Producer: One Soul
Director: One Soul
Writer: Ojor Nneka
Cast: Seun Akindele, Bayray Mcwizu, Shaffy Bello, Fredrick Leonard, Monique Samuel
When last did you watch a film that tries to whip women to proper behavior while forgetting that men have issues too? Discontent is that film; it will remind you that women continue to be the target in society. It portrays women as backbiters, materialistic and egoistic, while ignoring a chance to lash at its male abusers.
Nonye is a happily married woman, a banking graduate that has decided to be a housewife. She is content and satisfied with her life until her husband gets a promotion that moves the family to Lekki. Nonye mingles with new friends and as a result becomes a nag and is ready to leave her marriage for a richer man.

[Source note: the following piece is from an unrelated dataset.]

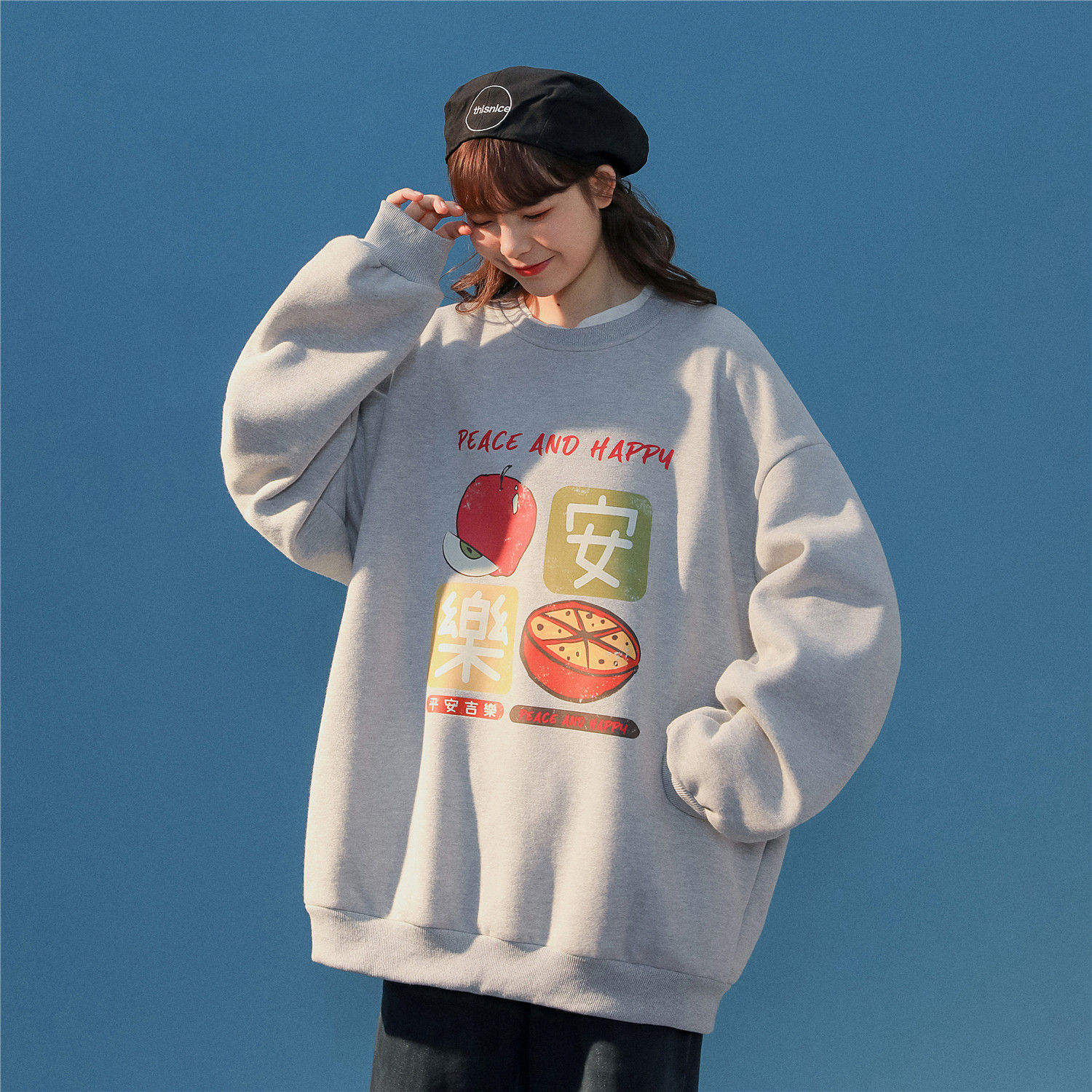 2022年春季新款卫衣197-5-WY095-P48,女装卫衣/绒衫,星座197-5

Discontent preaches the stereotype of women as disgruntled and as always needing more even when they have enough. We are a never-satisfied specie and that is what ‘Discontent” says. Throughout, the movie we see contented men and dissatisfied women, women that crave wealth, women that are defined by wealth, that obey wealth. It is this reason Nonye falls into the wrong team, she wants more even when she has enough. Women are portrayed as dissatisfied and as liars that will manipulate each other and are always in competition, which is a reality for some women but not all. We enjoy the films purpose but we are not ignorant of its message. The film happens for two hours, fifteen minutes and the only concentration is the greed of a woman. That is enough time to tackle the problem of the world but at center stage is Nonye and how she lets women down by going after money over happiness.
“Discontent” takes inspiration from Tyler Perry’s temptation but the writer is smart. Temptation serves as inspiration but her story stands on its own, it has its intrigues. It feels very different and it is different.
The male monster of the story comes in form of Damien. He is the perfect ego-ridden male. After accomplishing so much, he still appears to us as someone with a dirty back story and when Nonye begins to interact with him, we fear for her, we know that there is so much that can go pathetically wrong and everything goes wrong.
He rapes Nonye by drugging her, because as a man it is his method of ascertaining control. He is bold that way and he wants his women lifeless in bed, he relates this fetishism to his parent’s relationship. Because his mother demeaned his father so much, he cannot stand to see a woman that will do same to him and so he drugs women before sleeping with them. Damien’s appearance was an opportunity for the story to concentrate on rape but we watch Nonye get redemption, she realizes her mistake and sets everything in order but Damien’s end is only written as part of the credit at the end of the film. The story also features Adesuwa’s abusive husband, with Adesuwa we see why women remain in abusive marriages but instead of focus on abuse within that time, the only concern of the writer is women and greed.
Bayray Mcwizu is Nonye and as always she does a laudable job. She sinks into the role like she has lived that life somewhere before and it is the beauty of watching her on screen. She impresses through her role so much, especially in the rape scene with Damien. That is acting!